Provisioning Your Cluster(s)

Setup

Finally, you are ready to setup your k3s or k8s cluster:

$ make # or `make up`
[...]

This takes some minutes, mostly depending on your Internet bandwidth and the storage throughput. As a side effect, unless the k8s_master group is empty, this command creates the file build/k8s-config.yml. Likewise, unless the k3s_master group is empty, this also creates the file build/k3s-config.yml. You need these configuration files to connect to your respective cluster. For example, to talk to the k8s cluster:

$ export KUBECONFIG="$PWD/build/k8s-config.yml"
$ kubectl get nodes
NAME    STATUS   ROLES    AGE     VERSION
[...]

This lists all your nodes in the k8s cluster. Watch out for the STATUS column - it should eventually show READY for all the nodes in the cluster. If not, you can use kubectl describe node $node_name and check the shown events.

Teardown

To tear down your entire cluster(s):

$ make down
[...]

This is rarely useful unless you want to do something completely different with all your nodes. Typically, you will want to limit this command to a single node, e.g. if you want to re-purpose or upgrade the node. You can do this by providing the OPTS variable to the make command:

make OPTS=--limit=node1 down

The option --limit=node1 is passed down to the ansible-playbook command which subsequently tears down node1 only, properly draining and deleting it from the cluster first.
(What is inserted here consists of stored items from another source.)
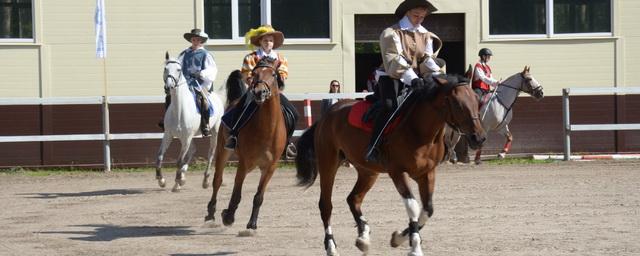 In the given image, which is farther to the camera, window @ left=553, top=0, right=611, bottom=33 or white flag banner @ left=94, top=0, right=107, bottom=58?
window @ left=553, top=0, right=611, bottom=33

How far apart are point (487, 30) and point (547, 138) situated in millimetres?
2473

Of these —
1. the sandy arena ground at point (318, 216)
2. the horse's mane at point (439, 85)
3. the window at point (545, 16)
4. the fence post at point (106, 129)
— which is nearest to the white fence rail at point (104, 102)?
the fence post at point (106, 129)

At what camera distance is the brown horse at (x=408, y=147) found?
974 centimetres

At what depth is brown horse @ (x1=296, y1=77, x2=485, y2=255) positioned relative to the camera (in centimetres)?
974

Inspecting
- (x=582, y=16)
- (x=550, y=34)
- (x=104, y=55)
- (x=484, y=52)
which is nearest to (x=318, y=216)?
(x=104, y=55)

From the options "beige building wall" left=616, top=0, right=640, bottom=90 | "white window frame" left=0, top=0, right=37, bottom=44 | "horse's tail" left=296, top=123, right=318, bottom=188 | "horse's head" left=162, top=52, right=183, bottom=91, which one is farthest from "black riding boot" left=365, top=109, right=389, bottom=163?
"beige building wall" left=616, top=0, right=640, bottom=90

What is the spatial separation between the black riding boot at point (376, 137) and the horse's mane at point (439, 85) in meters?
0.43

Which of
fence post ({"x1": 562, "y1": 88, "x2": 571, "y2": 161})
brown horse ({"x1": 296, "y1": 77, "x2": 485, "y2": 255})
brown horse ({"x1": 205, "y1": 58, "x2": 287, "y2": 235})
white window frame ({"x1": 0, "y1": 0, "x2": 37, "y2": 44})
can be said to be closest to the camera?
brown horse ({"x1": 296, "y1": 77, "x2": 485, "y2": 255})

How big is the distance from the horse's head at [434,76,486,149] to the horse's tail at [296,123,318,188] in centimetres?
210

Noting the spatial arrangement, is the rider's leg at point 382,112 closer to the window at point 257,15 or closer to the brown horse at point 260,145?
the brown horse at point 260,145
Installing the Kubernetes Dashboard

Now that you have a working cluster, you can install the Kubernetes dashboard like this:

$ kubectl apply --filename https://raw.githubusercontent.com/kubernetes/dashboard/v2.0.0-beta4/aio/deploy/recommended.yaml
namespace/kubernetes-dashboard created
serviceaccount/kubernetes-dashboard created
service/kubernetes-dashboard created
secret/kubernetes-dashboard-certs created
secret/kubernetes-dashboard-csrf created
secret/kubernetes-dashboard-key-holder created
configmap/kubernetes-dashboard-settings created
role.rbac.authorization.k8s.io/kubernetes-dashboard created
clusterrole.rbac.authorization.k8s.io/kubernetes-dashboard created
rolebinding.rbac.authorization.k8s.io/kubernetes-dashboard created
clusterrolebinding.rbac.authorization.k8s.io/kubernetes-dashboard created
deployment.apps/kubernetes-dashboard created
service/dashboard-metrics-scraper created
deployment.apps/dashboard-metrics-scraper created

Next, follow these painfulstandard instructions to get an access token. Once you’ve passed this surgery, you can access the Kubernetes Dashboard at http://localhost:8001/api/v1/namespaces/kubernetes-dashboard/services/https:kubernetes-dashboard:/proxy/ and browse your cluster.

Summary

In this post, I have shown how to provision a Kubernetes cluster on an array of Raspberry Pi’s using Ansible playbooks. The built cluster(s) support HTTP(S) proxies, a Docker registry mirror and a private Docker registry via a post-master-up event hook. By configuring the Ansible inventory, the same playbooks can be reused for a variety of Kubernetes variants and Linux distributions. Last, but not least, the same playbooks can be used with any hardware which runs a Debian based Linux distribution, not just the Raspberry Pi.

If you have been encountering any issues with the Ansible playbooks, kindly refer to the issue tracker on GitHub.